Qu' ai-je entendu ! Chasser! A-t-on vu sur la terre
Des enfans, même ingrats, oser chasser leur père !
Chasser ! Ce crime affreux, avec ton air soumis,
Tes outrages cachés sans éclat l' ont commis.
Eh ! Dis-moi, tes états, d' où les tiens-tu, perfide ?
J' en ai comblé trop tôt ton espérance avide.
Réponds : quels sont tes droits ? Quel mérite avais-tu ?
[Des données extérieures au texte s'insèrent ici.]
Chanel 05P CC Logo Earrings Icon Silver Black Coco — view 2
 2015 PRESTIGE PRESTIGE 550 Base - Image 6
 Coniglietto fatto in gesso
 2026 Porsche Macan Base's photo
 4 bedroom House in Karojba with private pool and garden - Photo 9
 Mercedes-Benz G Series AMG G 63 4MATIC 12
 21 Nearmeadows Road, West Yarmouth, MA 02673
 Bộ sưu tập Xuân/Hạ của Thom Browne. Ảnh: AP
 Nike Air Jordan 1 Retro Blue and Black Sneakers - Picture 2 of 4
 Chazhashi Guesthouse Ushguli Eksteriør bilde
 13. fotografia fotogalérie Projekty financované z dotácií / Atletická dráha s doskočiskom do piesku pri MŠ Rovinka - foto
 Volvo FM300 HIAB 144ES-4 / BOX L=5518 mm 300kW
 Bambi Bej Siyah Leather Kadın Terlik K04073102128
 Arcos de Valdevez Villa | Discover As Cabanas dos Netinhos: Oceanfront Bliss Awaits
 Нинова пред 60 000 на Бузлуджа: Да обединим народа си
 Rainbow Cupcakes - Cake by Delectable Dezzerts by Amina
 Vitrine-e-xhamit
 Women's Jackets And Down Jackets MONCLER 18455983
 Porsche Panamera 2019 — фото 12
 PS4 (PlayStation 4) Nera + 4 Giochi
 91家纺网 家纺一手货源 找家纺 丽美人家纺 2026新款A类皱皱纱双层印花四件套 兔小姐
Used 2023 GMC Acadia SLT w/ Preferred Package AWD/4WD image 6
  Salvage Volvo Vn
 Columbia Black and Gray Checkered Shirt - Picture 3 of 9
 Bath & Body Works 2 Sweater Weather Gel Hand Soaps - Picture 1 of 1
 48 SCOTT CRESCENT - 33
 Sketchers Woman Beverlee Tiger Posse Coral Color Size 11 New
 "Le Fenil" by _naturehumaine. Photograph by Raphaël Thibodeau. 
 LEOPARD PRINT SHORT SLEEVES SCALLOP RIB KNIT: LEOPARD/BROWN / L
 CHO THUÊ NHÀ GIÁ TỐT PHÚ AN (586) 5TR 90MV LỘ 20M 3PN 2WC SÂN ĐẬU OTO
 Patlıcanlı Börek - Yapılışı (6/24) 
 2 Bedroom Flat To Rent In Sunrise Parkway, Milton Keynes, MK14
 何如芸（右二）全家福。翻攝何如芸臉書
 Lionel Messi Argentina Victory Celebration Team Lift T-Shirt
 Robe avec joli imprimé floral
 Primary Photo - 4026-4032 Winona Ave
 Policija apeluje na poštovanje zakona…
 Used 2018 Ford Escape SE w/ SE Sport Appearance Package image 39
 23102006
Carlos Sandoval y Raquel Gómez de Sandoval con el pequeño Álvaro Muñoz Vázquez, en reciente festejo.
Celui de me tromper par ta fausse vertu,
De noircir dans ta soeur la timide innocence,
Contre elle, par degrés, d' attiser ma vengeance.
Que sont donc devenus ces fastueux sermens
Qui m' avaient tant promis les plus doux sentimens,
Des respects si profonds, une amitié si tendre ?
Tu m' as puni bientôt d' avoir pu les entendre :
Mes chagrins m' ont appris qu' un père infortuné
N' est qu' un fardeau pesant, quand il a tout donné.
Les larmes d' un vieillard, souffert par indulgence,
Peuvent mouiller la terre, et s' y perdre en silence.
Tu ne t' attendais pas que, pour te démentir,
En montrant le duc d' Albanie.
La vérité sitôt de son coeur dût sortir.
Oui, duc, de ma pitié je ne puis me défendre :
Qu' avais-tu fait aux dieux, pour devenir mon gendre !
Hélas ! En t' unissant à ce tigre inhumain,
J' ai placé dans ton lit un poignard sur ton sein.
Ai-je pu mettre au jour cette exécrable fille !
Régane.
Ainsi votre oeil trompé voit toujours Volnérille!
Vos maux dans cette erreur viennent de vous plonger.
Léar, revenant à lui.
Ah, pardonne ! à ce point j' aurais pu t'outrager !
Je t'aurais confondue avec cette furie!
Tu le vois, ma raison déja s' est affaiblie.
Mettant la main sur son coeur.
Si je la perds bientôt, c' est de là, je le sens,
Que l' orage naîtra pour troubler tous mes sens.